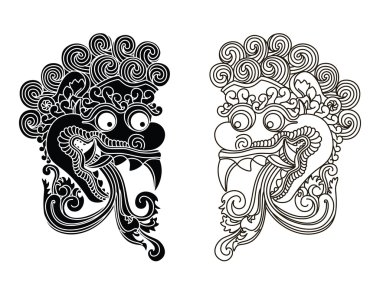 Mythological god's masks. Balinese style. Barong. clipart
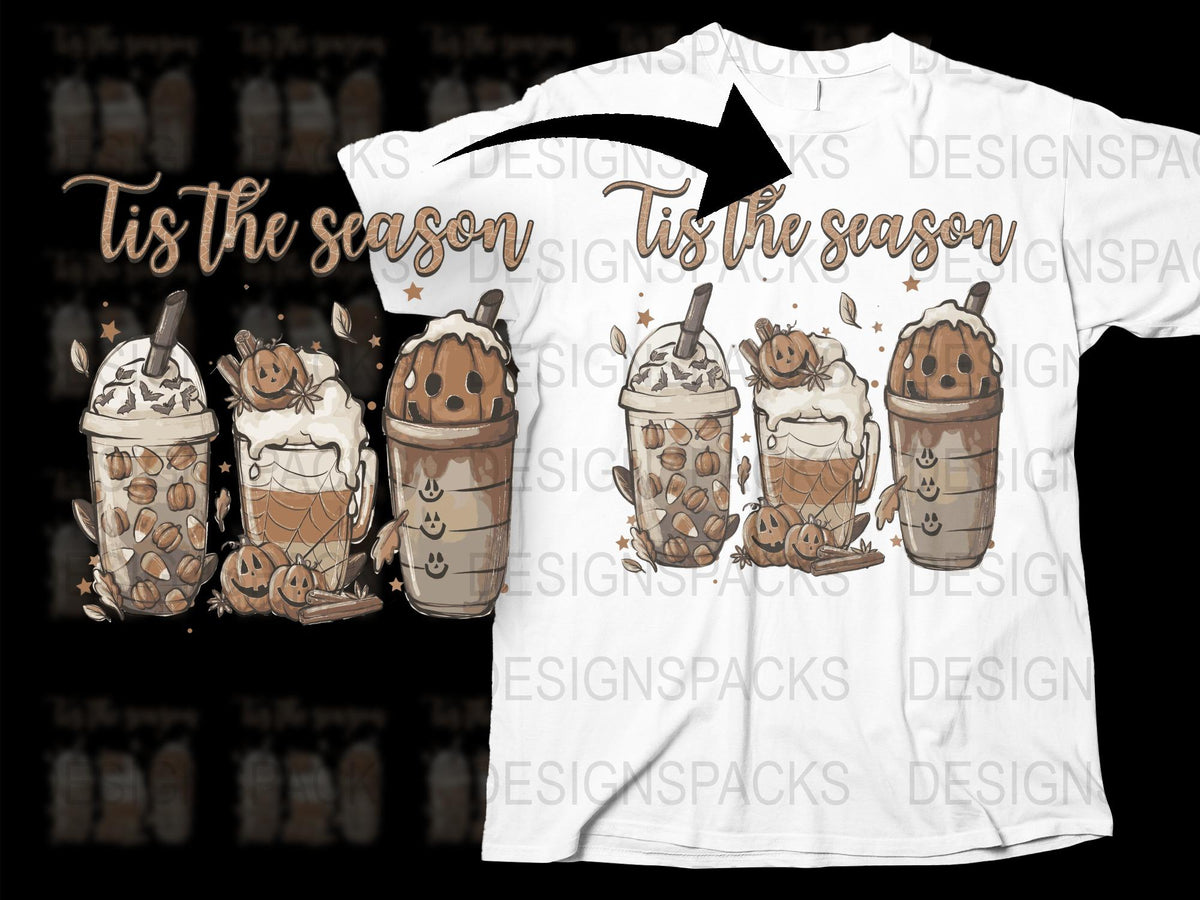 Autumn Coffee T-Shirt, Cute Fall Season Pumpkin Spice Latte Tee, Halloween Graphic Shirt, Casual Fashion Top for Women and Men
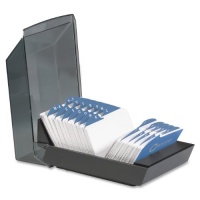 Rolodex 67011 Rolodex Covered Business Card File, 500 2-1/4x4 Cards, 24 A-Z Guides, Black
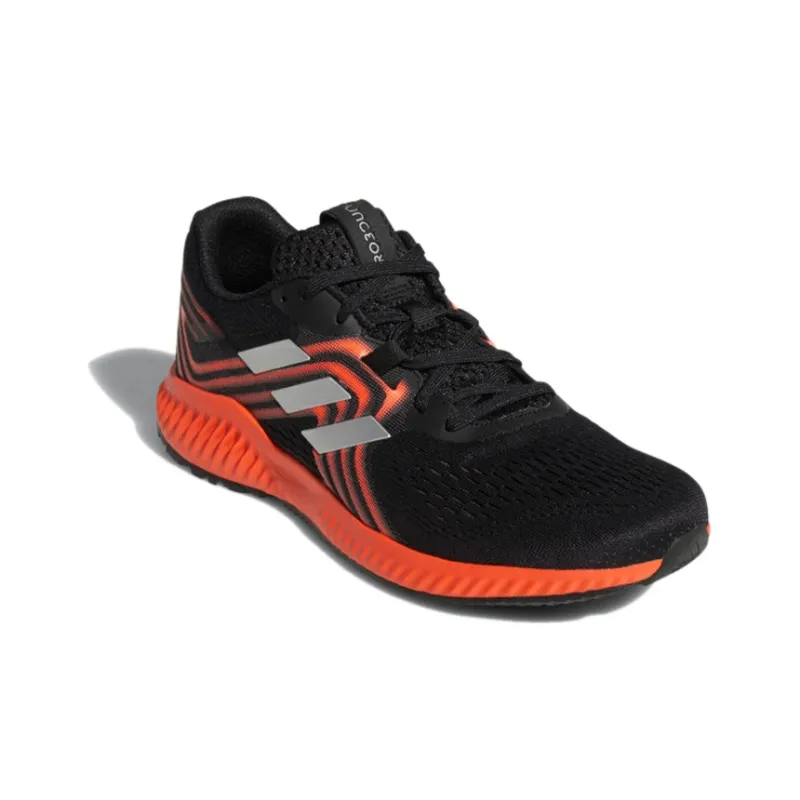 Adidas Aerobounce 2 Breathable Low-Top Running Shoes Men's Black Orange-2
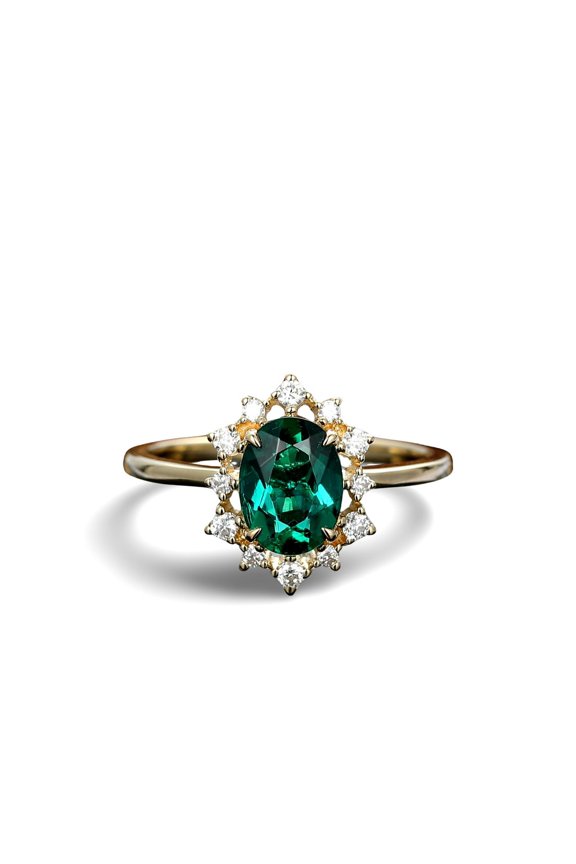 Sterling Silver Gold Oval Emerald & Diamond Halo Ring for Women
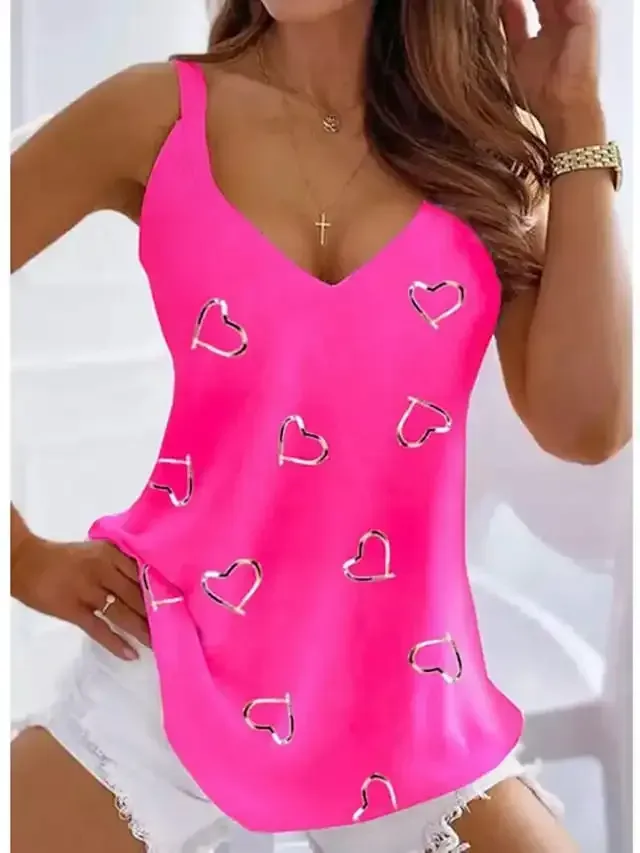 Women's Tank Top Black White Pink Heart Print Sleeveless Casual Weekend Basic V Neck Regular S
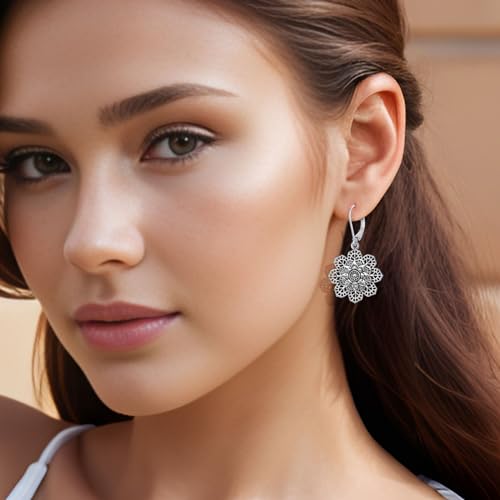 Boho Vintage Flower Earrings for Women, Silver Leverback Hollow Bohemian Dangle Drop Earrings Mandala Tribal Floral Earring Western Indian Jewelry3
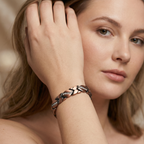Leaves Diamond Magnet Bracelet Bronze Brushed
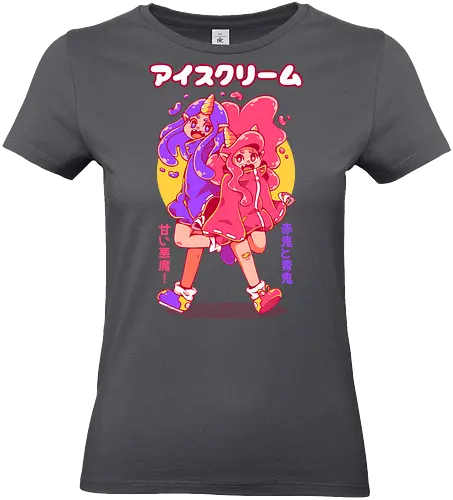 ICE CREAM ONI - ice cream, cute, oni, japan, japanese, kawaii, pink, fantasy, demon - Standard T-Shirt (Women)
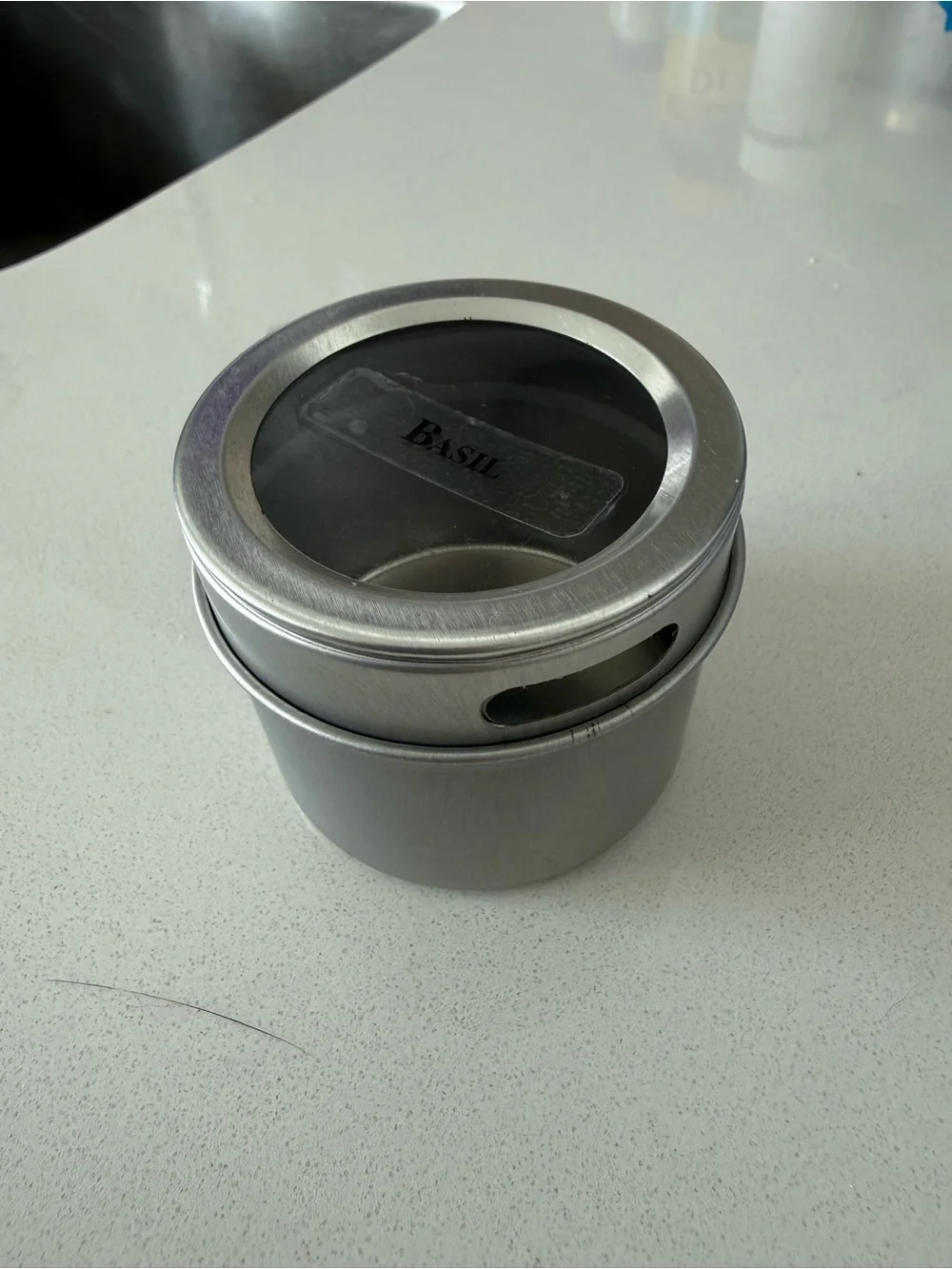 Magnetic Stainless Steel Spice Jars Set - Silver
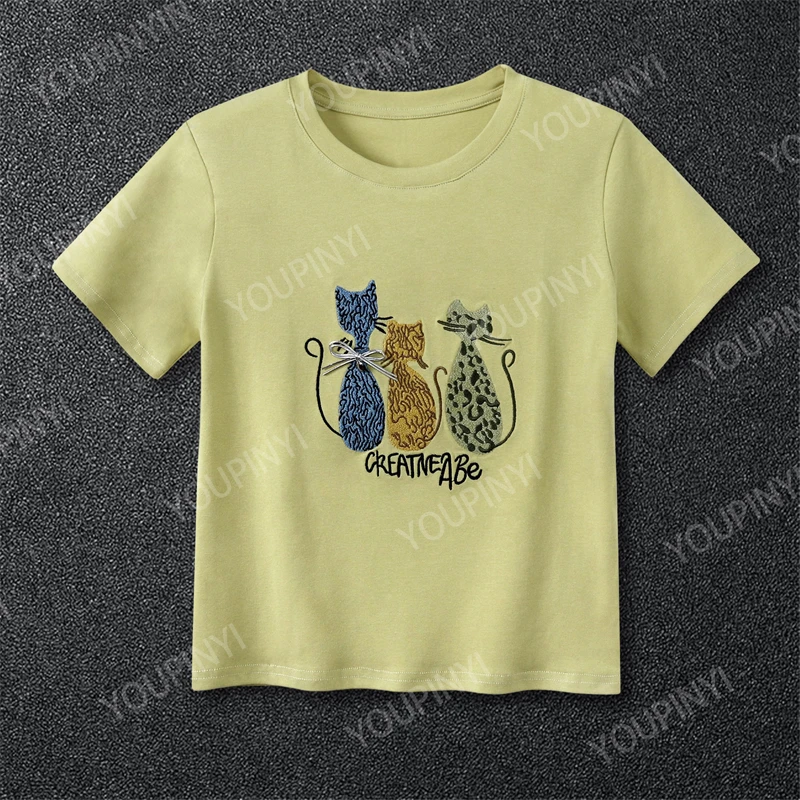 短袖T恤女2025夏季新款卡通猫咪字母刺绣设计感显瘦百搭圆领上衣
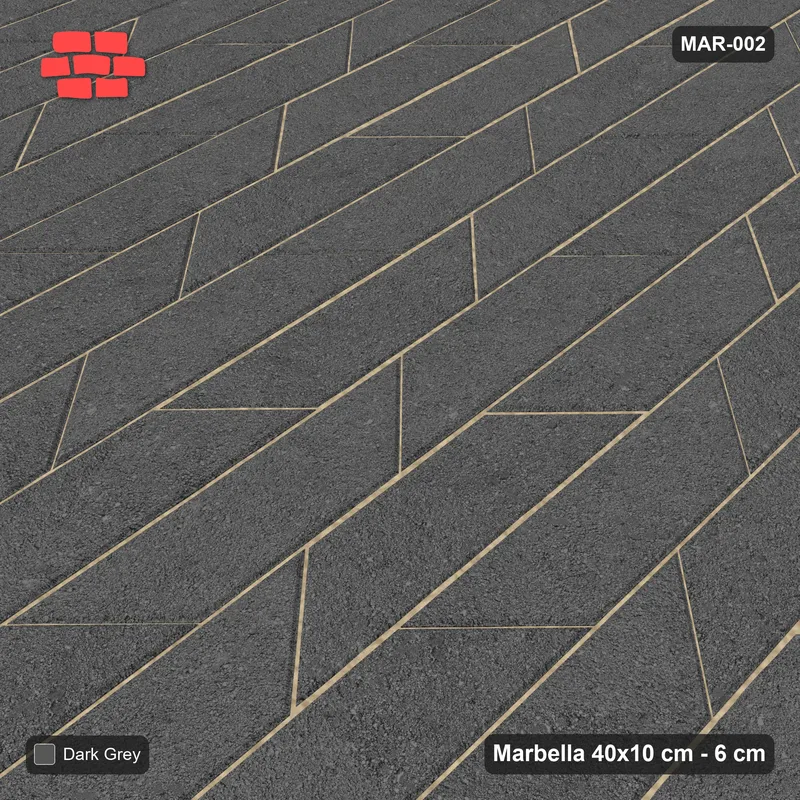 Interlock (Pasco) 40x10 cm · MAR-002 · Native Interlock - Upright Field with Kerb Frame · Side view Interlock (Pasco) 40x10 cm · MAR-002 · Native Interlock - Upright Field with Kerb Frame · Side view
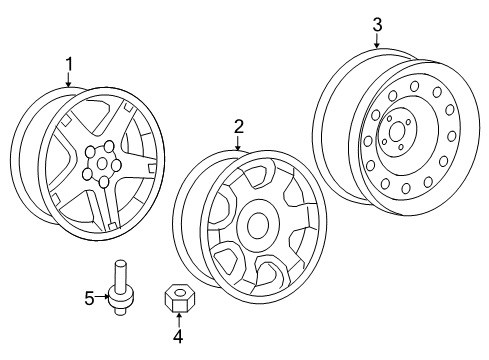 2009 Dodge Durango Wheels, Covers & Trim Steel Wheel Diagram for 52000430AB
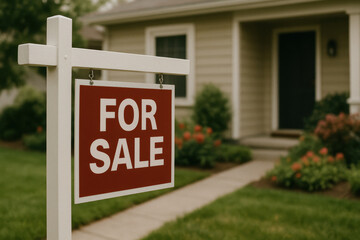Red for sale sign in front of suburban house on a sunny day
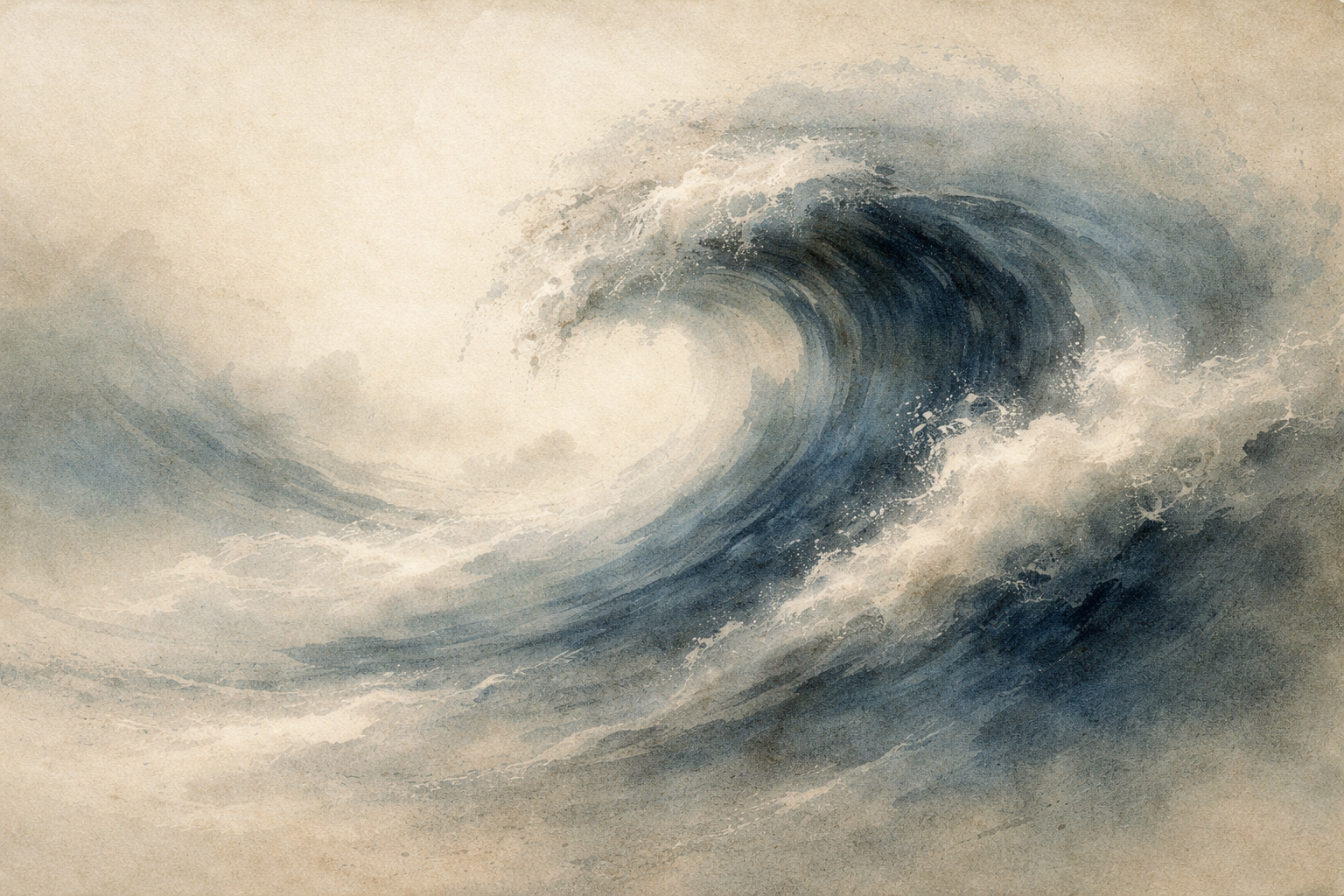 A powerful ocean wave rising and breaking, symbolizing the sweeping historical changes that reshaped Buddhism after the Muslim conquests in South and Central Asia.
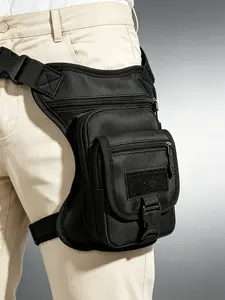 Men's Large Capacity Waist Bag, Multi-Functional Sports Backpack, Outdoor Hiking Belt Pouch, Casual Crossbody Bag, Motorcycle Riding Leg Pack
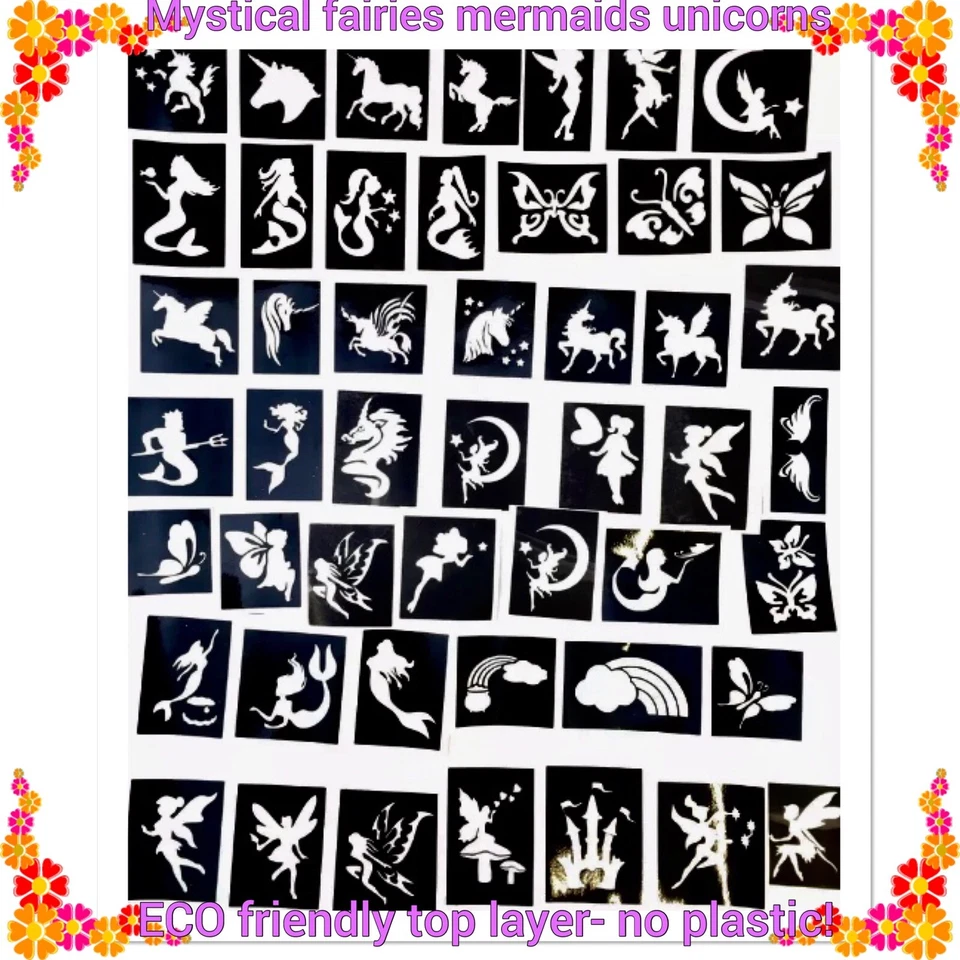 THE UNIQUE LITTLE GIFT SHOP LTD Unicorns Fairies Mermaids X 50 stencils top up Ur glitter tattoo kit face paint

-=-=-=-=-

**Task goal:**
Only the records, copied exactly and free of pictures, belong in the answer.

**Task result:**
 Mythological god's masks. Balinese style. Barong. clipart
 Autumn Coffee T-Shirt, Cute Fall Season Pumpkin Spice Latte Tee, Halloween Graphic Shirt, Casual Fashion Top for Women and Men
 Rolodex 67011 Rolodex Covered Business Card File, 500 2-1/4x4 Cards, 24 A-Z Guides, Black
 Adidas Aerobounce 2 Breathable Low-Top Running Shoes Men's Black Orange-2
 Sterling Silver Gold Oval Emerald & Diamond Halo Ring for Women
 Women's Tank Top Black White Pink Heart Print Sleeveless Casual Weekend Basic V Neck Regular S
 Boho Vintage Flower Earrings for Women, Silver Leverback Hollow Bohemian Dangle Drop Earrings Mandala Tribal Floral Earring Western Indian Jewelry3
Leaves Diamond Magnet Bracelet Bronze Brushed
 ICE CREAM ONI - ice cream, cute, oni, japan, japanese, kawaii, pink, fantasy, demon - Standard T-Shirt (Women)
 Magnetic Stainless Steel Spice Jars Set - Silver
 短袖T恤女2025夏季新款卡通猫咪字母刺绣设计感显瘦百搭圆领上衣
 Interlock (Pasco) 40x10 cm · MAR-002 · Native Interlock - Upright Field with Kerb Frame · Side view Interlock (Pasco) 40x10 cm · MAR-002 · Native Interlock - Upright Field with Kerb Frame · Side view
 2009 Dodge Durango Wheels, Covers & Trim Steel Wheel Diagram for 52000430AB
Red for sale sign in front of suburban house on a sunny day
 A powerful ocean wave rising and breaking, symbolizing the sweeping historical changes that reshaped Buddhism after the Muslim conquests in South and Central Asia.
 Men's Large Capacity Waist Bag, Multi-Functional Sports Backpack, Outdoor Hiking Belt Pouch, Casual Crossbody Bag, Motorcycle Riding Leg Pack
 THE UNIQUE LITTLE GIFT SHOP LTD Unicorns Fairies Mermaids X 50 stencils top up Ur glitter tattoo kit face paint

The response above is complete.